### Work instruction
Every entry that follows is to be set down exactly, with its pictures omitted.

..........

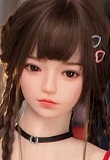 Real Girl C工場製 ラブドール 人気ヘッド単体 販売ページ TPE&シリコン&口開閉機能選択可 M16接続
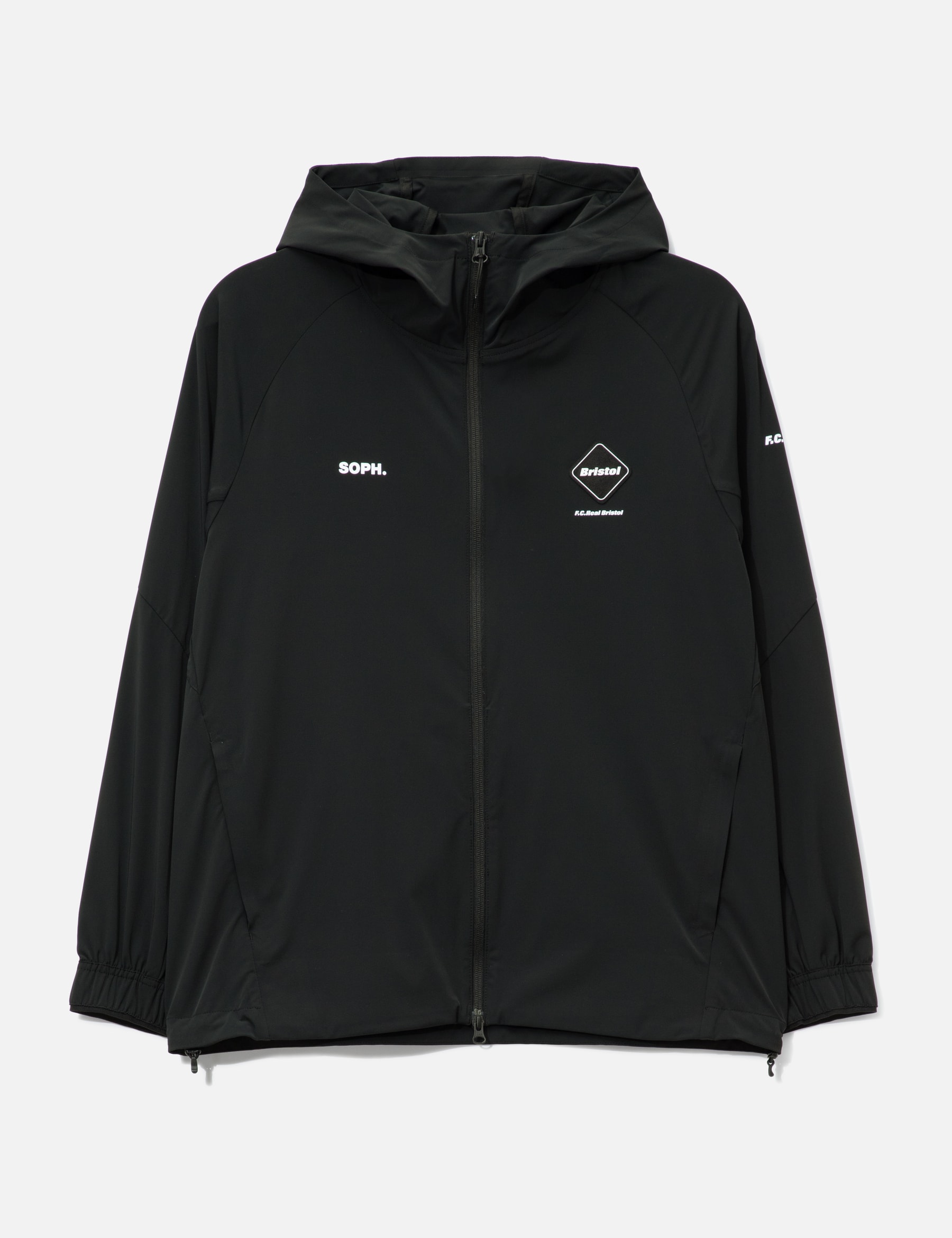 Cordura 4way Stretch Ventilation Jacket view 16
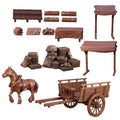 Terrain Crate: Market - 
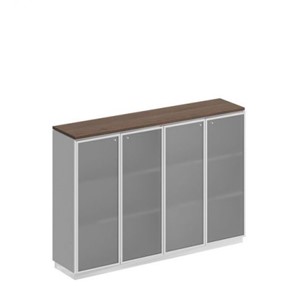 Шкаф средний Speech Cube (180.2x40x124.6) СИ 321 ДГ БП ХР в Мурманске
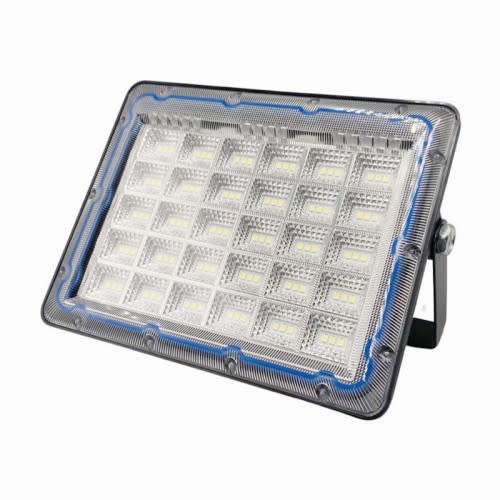 100W Solar Flood Light High Brightness Street Light LED Garden Light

..........

### Result of the task
 Real Girl C工場製 ラブドール 人気ヘッド単体 販売ページ TPE&シリコン&口開閉機能選択可 M16接続
 Cordura 4way Stretch Ventilation Jacket view 16
 Terrain Crate: Market - 
 Шкаф средний Speech Cube (180.2x40x124.6) СИ 321 ДГ БП ХР в Мурманске
 100W Solar Flood Light High Brightness Street Light LED Garden Light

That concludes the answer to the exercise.